Глаза застилал противный серо-розовый туман, уши заложило. Я не знаю, как все-таки удержалась на ногах и не сползла по стеночке на грязно-желтый пол, истоптанный множеством ног.

Когда перед глазами немного прояснилось, Кирилла и его приятеля не было. Холл оказался пуст. Кажется, я пропустила звонок, умудрившись вообще его не услышать.

«Ты дура! – сказала я себе. – Самая настоящая дура!»

Чего еще можно было ожидать? Как вообще можно было напридумывать черт знает что, исходя из одной случайной встречи? Тогда, на улице, Кирилл наверняка даже не заметил меня.

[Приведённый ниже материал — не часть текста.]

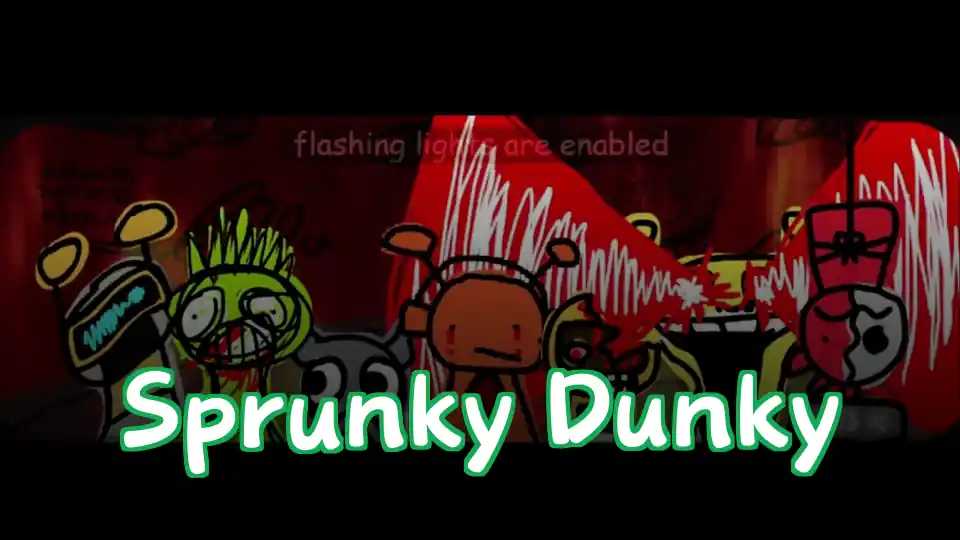 Sprunky Dunky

Я сжала руками пылающие щеки. Боже, какой позор! Как хорошо, что никто не может прочитать мои мысли, иначе надо мной смеялась бы вся школа. Но я-то сама знаю, что являюсь законченной идеалисткой и распоследней дурой. Мама права: я слишком много читаю, и это, увы, не идет мне на пользу.

Как ни странно, от констатации этого печального факта мне немного полегчало, и я нашла в себе силы выползти из своего угла.

Я с самого начала знала о Кирилле все, не заблуждалась относительно его отношения ко мне. И тогда, на концерте, он подошел, лишь повинуясь чувству уязвленного тщеславия, по нему было видно. В общем, я правильно оценила Кира, но затем почему-то придумала, будто это не так, тешась иллюзиями. Мне было приятно идти с ним по одной улице, и, хотя нас разделяла дорога, мне казалось, будто мы рядом, плечо к плечу. Нет ничего опаснее фантазий. Они яркие, они дарят утешение, но они всегда разбиваются о реальность. Это главный закон. И когда они разбиваются, всегда бывает очень больно. Зачем же мечтать, если за каждую мечту платишь двойную цену?

Пока я об этом думала, то дошла до кабинета алгебры, автоматически заглянула туда и тут же, извинившись, поспешно закрыла дверь под любопытными взглядами пятиклассников. Ну конечно, алгебра была у нас до перемены, а сейчас… Я тупо остановилась, соображая.

– Вероника! Почему ты не на уроке? – выглянувшая из кабинета математичка подозрительно уставилась на меня сквозь узкие очки. – У вас же сейчас физика!

«Ага, точно, физика», – отстраненно подумала я.

– Вера… – холодная рука коснулась моего лба и я вздрогнула, как от удара. – Да у тебя же температура! Надо было мне раньше догадаться. Ну-ка пойдем, я отведу тебя в медпункт.